For this exercise, copy out each line of the material below that includes "Gebruikt".

........

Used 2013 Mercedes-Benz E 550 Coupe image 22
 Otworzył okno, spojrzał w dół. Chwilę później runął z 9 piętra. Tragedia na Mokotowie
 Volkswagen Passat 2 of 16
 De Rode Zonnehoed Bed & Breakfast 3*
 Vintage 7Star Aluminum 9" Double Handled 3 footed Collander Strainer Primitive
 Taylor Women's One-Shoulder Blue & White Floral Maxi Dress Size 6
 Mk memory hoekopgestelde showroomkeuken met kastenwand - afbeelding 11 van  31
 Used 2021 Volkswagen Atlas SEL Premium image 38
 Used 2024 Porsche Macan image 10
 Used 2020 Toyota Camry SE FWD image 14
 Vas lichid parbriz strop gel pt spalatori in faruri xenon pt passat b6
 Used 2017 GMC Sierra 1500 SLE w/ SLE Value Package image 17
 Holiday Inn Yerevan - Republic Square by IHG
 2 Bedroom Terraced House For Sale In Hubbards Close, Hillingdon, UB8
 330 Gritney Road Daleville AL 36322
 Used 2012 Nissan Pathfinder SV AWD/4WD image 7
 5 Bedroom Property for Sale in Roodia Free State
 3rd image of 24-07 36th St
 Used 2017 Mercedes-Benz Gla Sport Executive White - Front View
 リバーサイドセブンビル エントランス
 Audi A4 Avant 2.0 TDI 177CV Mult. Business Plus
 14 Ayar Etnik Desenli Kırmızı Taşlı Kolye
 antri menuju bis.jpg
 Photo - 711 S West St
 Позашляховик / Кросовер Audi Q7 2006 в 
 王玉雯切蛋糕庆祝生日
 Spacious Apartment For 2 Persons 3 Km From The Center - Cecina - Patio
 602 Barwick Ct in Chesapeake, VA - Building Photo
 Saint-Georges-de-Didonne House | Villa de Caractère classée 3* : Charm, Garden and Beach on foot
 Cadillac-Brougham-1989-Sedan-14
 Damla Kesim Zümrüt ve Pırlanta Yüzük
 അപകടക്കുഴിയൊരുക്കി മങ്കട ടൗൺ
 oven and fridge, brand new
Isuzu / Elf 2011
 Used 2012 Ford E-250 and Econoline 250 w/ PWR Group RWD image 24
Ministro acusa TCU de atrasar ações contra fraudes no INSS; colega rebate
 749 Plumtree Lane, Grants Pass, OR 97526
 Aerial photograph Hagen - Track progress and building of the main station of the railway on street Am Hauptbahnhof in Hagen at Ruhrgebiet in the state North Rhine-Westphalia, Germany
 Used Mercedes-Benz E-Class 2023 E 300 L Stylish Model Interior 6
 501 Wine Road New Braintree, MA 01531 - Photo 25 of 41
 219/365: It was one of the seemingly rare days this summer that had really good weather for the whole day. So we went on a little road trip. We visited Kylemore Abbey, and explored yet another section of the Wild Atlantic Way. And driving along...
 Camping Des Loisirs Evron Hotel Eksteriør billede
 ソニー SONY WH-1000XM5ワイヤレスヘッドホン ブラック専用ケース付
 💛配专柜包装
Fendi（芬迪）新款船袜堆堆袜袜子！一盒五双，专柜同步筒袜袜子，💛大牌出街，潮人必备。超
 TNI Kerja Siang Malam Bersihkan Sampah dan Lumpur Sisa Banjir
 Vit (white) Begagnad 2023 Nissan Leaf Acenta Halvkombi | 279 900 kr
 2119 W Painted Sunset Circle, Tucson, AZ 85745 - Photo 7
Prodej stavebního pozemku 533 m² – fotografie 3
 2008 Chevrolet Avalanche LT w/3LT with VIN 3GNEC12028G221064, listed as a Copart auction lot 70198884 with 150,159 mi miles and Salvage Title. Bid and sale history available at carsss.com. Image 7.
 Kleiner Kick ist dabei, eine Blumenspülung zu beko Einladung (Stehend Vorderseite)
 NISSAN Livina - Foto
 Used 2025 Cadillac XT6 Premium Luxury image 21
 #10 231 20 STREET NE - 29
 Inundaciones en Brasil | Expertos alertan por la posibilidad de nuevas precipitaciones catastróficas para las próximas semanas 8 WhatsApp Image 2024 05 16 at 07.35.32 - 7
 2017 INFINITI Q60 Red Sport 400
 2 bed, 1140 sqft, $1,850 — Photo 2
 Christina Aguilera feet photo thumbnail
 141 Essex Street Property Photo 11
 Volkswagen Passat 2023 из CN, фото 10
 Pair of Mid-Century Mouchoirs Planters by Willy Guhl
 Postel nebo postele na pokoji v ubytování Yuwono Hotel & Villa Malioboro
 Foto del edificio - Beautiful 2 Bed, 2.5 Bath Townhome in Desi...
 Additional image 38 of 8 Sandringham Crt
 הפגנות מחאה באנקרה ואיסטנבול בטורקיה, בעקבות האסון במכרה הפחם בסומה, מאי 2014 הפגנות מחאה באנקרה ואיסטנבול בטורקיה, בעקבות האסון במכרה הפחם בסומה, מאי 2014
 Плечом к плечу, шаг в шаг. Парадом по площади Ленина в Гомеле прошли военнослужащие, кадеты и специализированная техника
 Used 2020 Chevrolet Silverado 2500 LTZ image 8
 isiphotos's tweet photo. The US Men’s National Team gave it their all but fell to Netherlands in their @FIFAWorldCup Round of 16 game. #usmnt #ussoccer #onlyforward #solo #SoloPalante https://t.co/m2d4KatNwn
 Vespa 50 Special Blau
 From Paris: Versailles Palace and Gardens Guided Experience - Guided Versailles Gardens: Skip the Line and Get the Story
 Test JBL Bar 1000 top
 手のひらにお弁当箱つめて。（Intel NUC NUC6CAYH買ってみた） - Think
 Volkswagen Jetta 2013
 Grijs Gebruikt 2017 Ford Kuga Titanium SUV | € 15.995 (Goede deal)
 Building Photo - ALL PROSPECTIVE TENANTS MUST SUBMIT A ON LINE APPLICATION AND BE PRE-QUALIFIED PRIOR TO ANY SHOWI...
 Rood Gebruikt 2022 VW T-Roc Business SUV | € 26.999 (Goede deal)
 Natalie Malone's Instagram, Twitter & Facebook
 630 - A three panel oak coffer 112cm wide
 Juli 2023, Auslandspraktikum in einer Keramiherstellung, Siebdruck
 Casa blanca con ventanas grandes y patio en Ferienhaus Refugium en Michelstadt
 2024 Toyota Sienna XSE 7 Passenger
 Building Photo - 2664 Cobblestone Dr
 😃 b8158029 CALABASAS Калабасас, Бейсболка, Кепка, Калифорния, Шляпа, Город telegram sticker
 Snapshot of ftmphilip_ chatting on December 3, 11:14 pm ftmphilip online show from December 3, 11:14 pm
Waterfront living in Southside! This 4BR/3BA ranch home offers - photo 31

........

▶ [Task result]:
 Grijs Gebruikt 2017 Ford Kuga Titanium SUV | € 15.995 (Goede deal)
 Rood Gebruikt 2022 VW T-Roc Business SUV | € 26.999 (Goede deal)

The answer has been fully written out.